Bagi Indonesia, perhelatan G-20 memiliki dampak langsung dan tak langsung bagi perekonomian. G-20 bisa menjadi ajang showcase kemajuan sosial ekonomi Indonesia, pengenalan budaya Nusantara, dan mendukung peningkatan target investasi. Manfaat pertumbuhan ekonomi itu perlu diredistribusikan agar inklusif dan merata untuk meningkatkan kesejahteraan rakyat, misalnya melalui penyerapan tenaga kerja.

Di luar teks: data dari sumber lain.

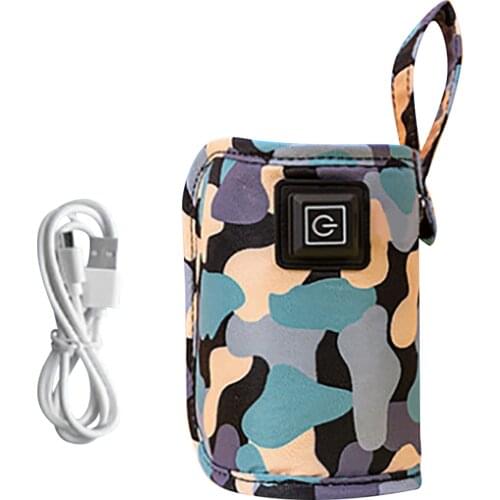 Bottle Warmer Home Universal Cloth Removable 3 Gear Temperature Control Baby Milk USB Insulated Nursing Practical Fast Heating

Baca juga : Forum B-20 Tak Hanya Milik Pebisnis Elite
Indonesia juga terus melakukan peningkatan kualitas SDM, antara lain lewat program upskilling dan reskilling berkolaborasi dengan dunia industri. Percepatan pembangunan infrastruktur yang berkontribusi pada peningkatan investasi dan iklim usaha terus digenjot.

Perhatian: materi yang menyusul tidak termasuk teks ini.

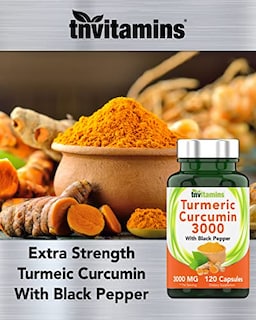 Foto 4 | Suplemento Tnvitamins, Cúrcuma Y Curcumina, 3000 Mg Con Pimienta Negra - Venta Internacional.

Sejumlah prioritas pembangunan lain juga telah ditetapkan dan implementasinya tengah berlangsung, di antaranya peningkatan produksi pangan melalui pengembangan Food Estate, penerapan konsep pembangunan rendah karbon, transformasi menuju ekonomi digital melalui perluasan, pemerataan, serta peningkatan kualitas infrastruktur dan layanan digital. Keseluruhan kebijakan ini selaras dengan agenda G-20 di mana Indonesia dapat berperan untuk memperjuangkan berbagai kepentingan dan juga kepentingan komunitas global.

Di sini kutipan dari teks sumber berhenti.